(Image-caption web data)

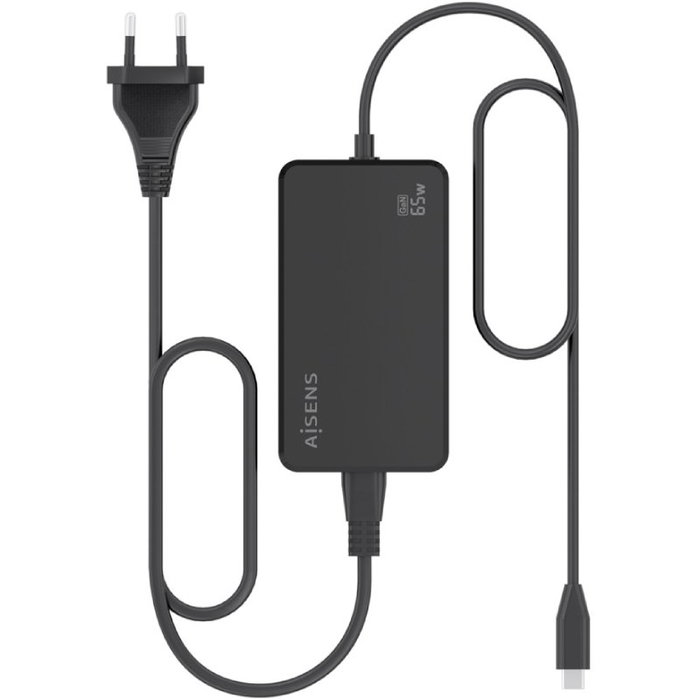 Aisens Cargador de sobremesa GaN 65W USB-C PD3.0 con cable de 1.8m, Negro Aisens Cargador de sobremesa GaN 65W USB-C PD3.0 con cable de 1.8m, Negro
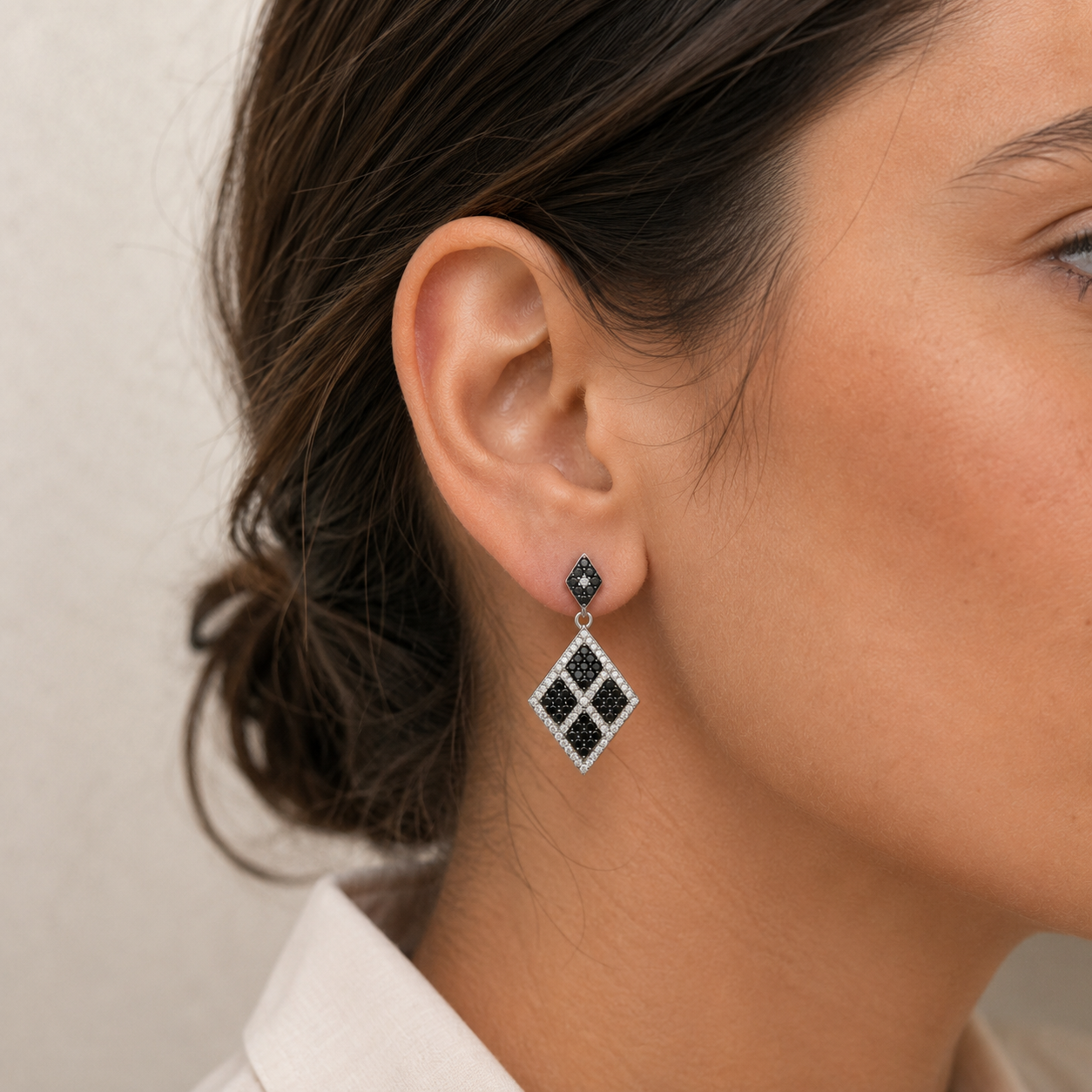 White Gold and Diamond Earrings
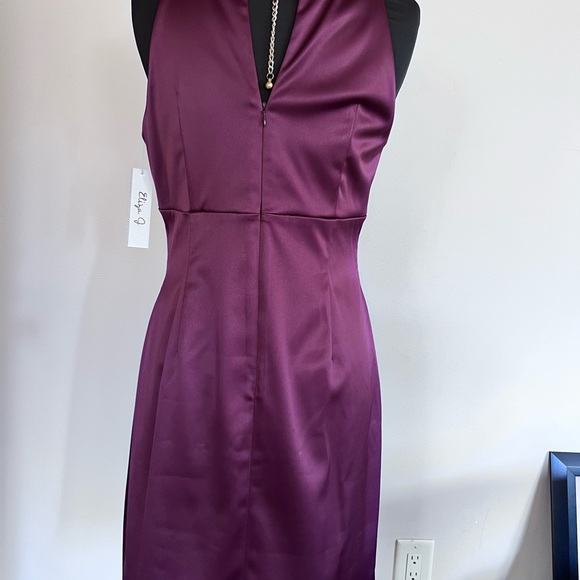 Eliza J Violet Satin Midi Dress - Picture 4 of 7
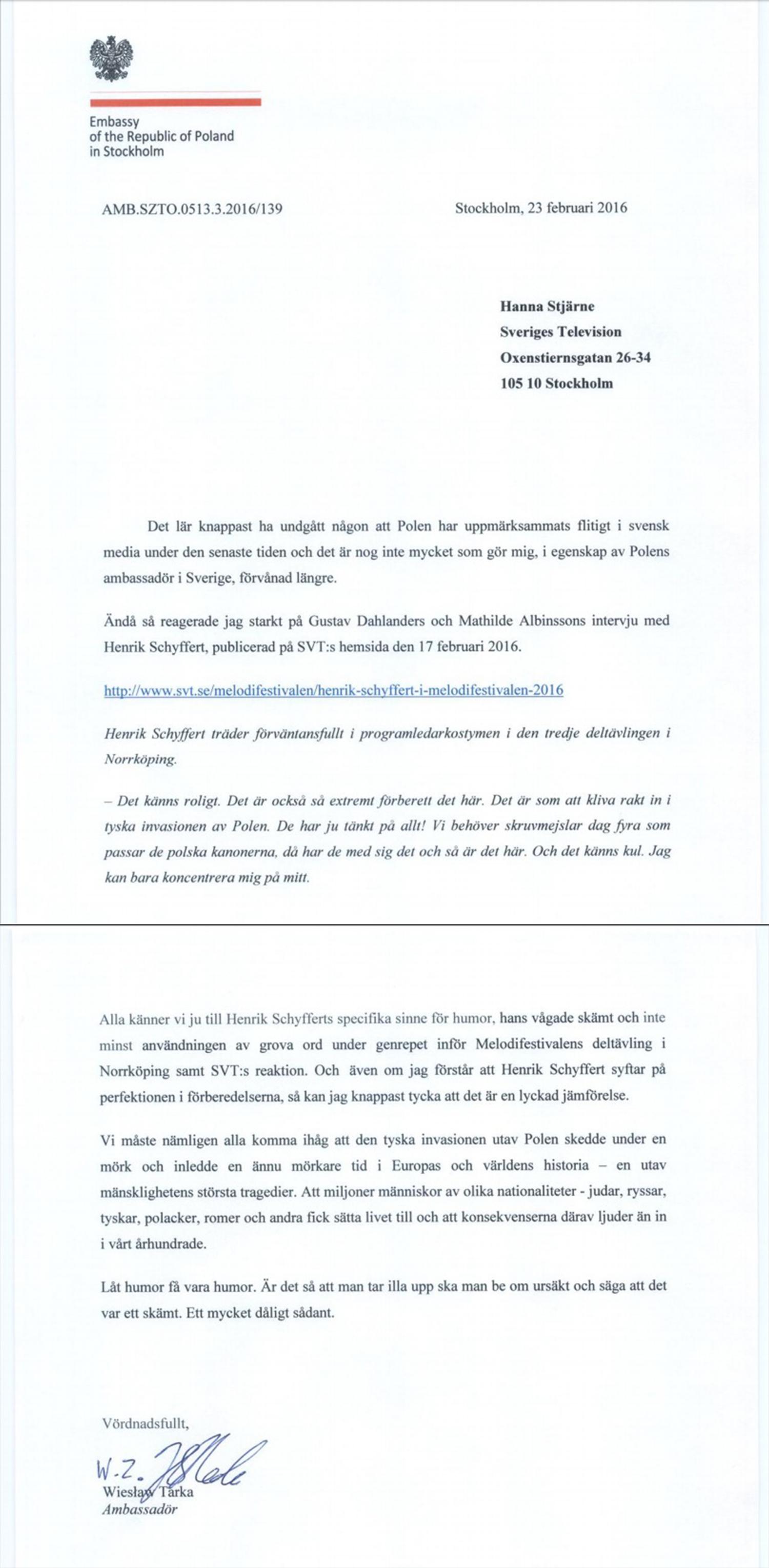 Här är brevet som polska ambassadören Wiesław Tarka skickade till SVT:s vd Hanna Stjärne.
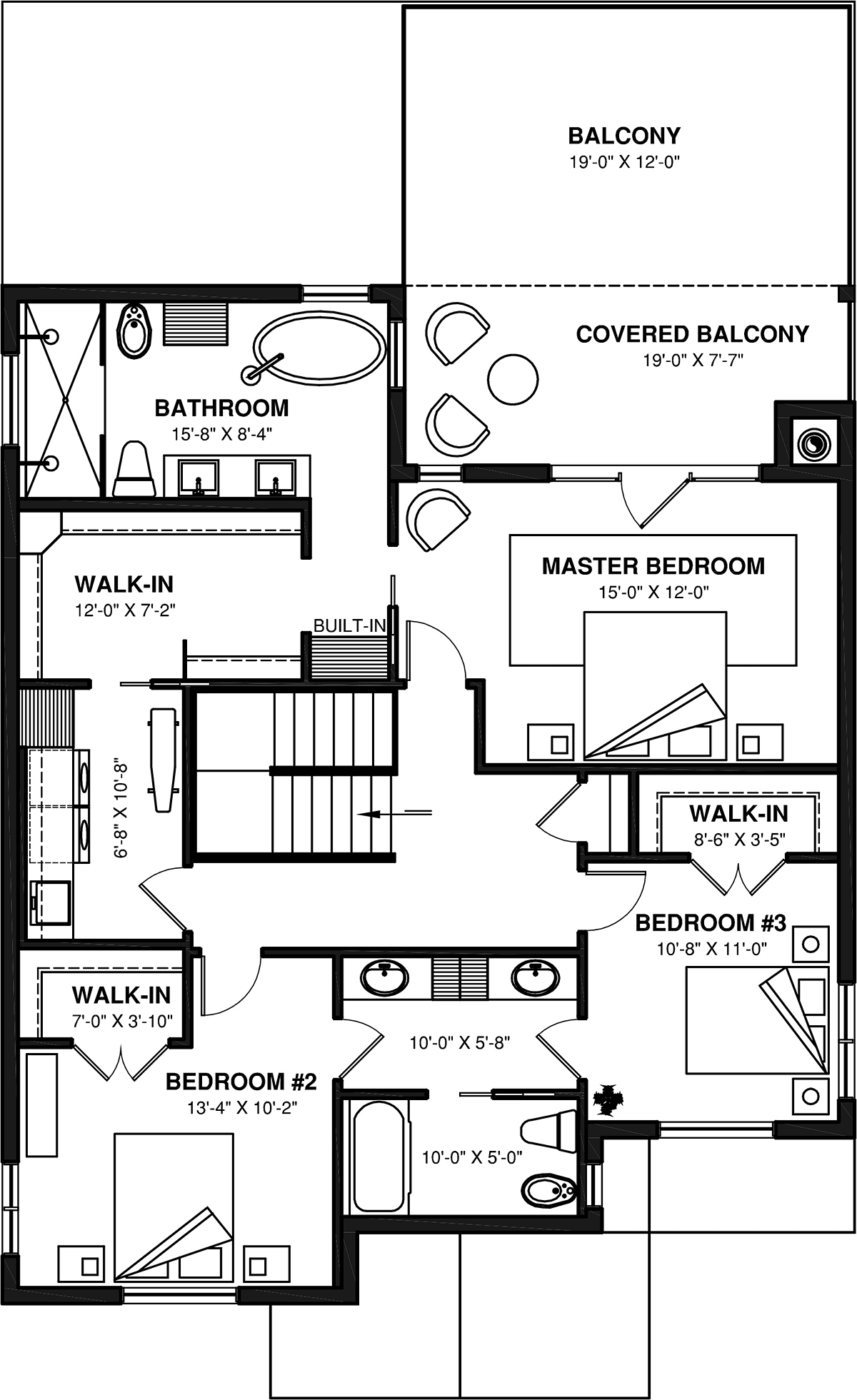 Contemporary, Farmhouse, Tudor House Plan 81802 with 5 Beds, 4 Baths, 2 Car Garage Level Two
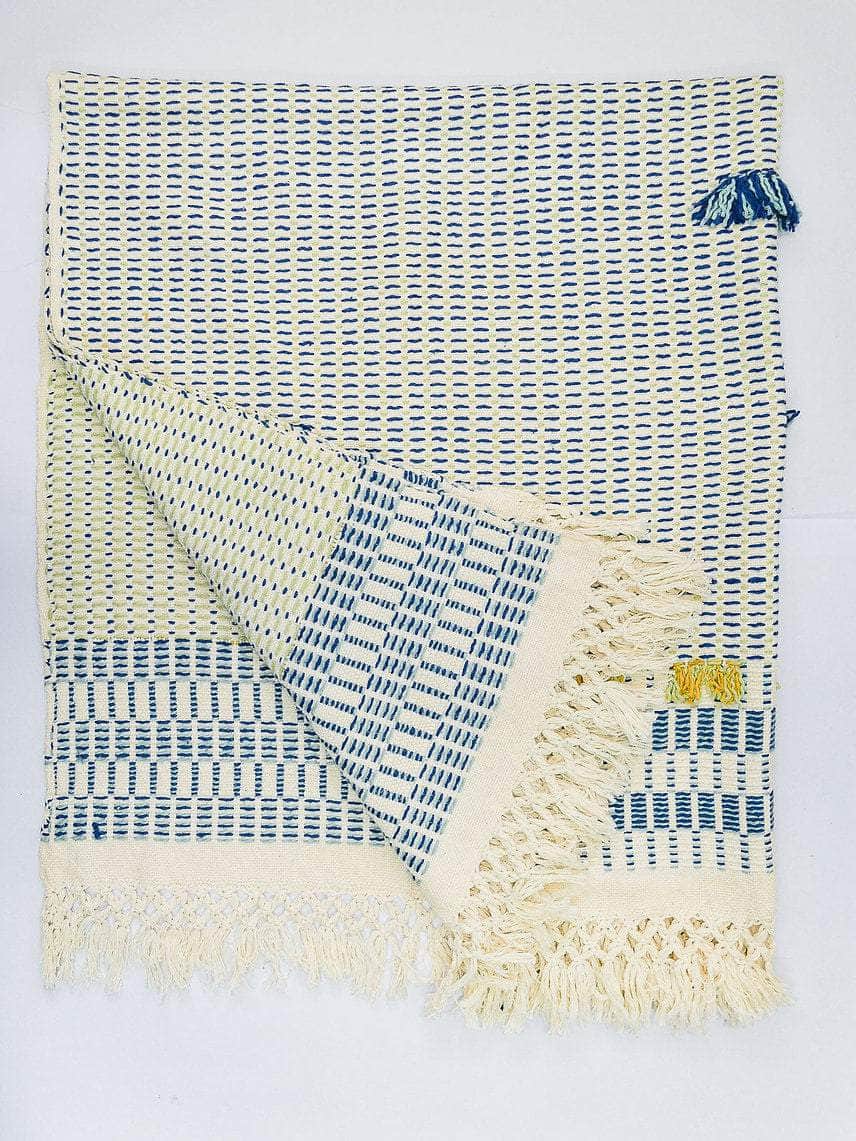 Organic Cotton Indigo & Mint Throw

# EXERCISE DESCRIPTION
Every line of the records must come back unchanged, except that pictures are dropped.

# OUTPUT FOR THIS TASK
 Aisens Cargador de sobremesa GaN 65W USB-C PD3.0 con cable de 1.8m, Negro Aisens Cargador de sobremesa GaN 65W USB-C PD3.0 con cable de 1.8m, Negro
 White Gold and Diamond Earrings
 Eliza J Violet Satin Midi Dress - Picture 4 of 7
 Här är brevet som polska ambassadören Wiesław Tarka skickade till SVT:s vd Hanna Stjärne.
 Contemporary, Farmhouse, Tudor House Plan 81802 with 5 Beds, 4 Baths, 2 Car Garage Level Two
 Organic Cotton Indigo & Mint Throw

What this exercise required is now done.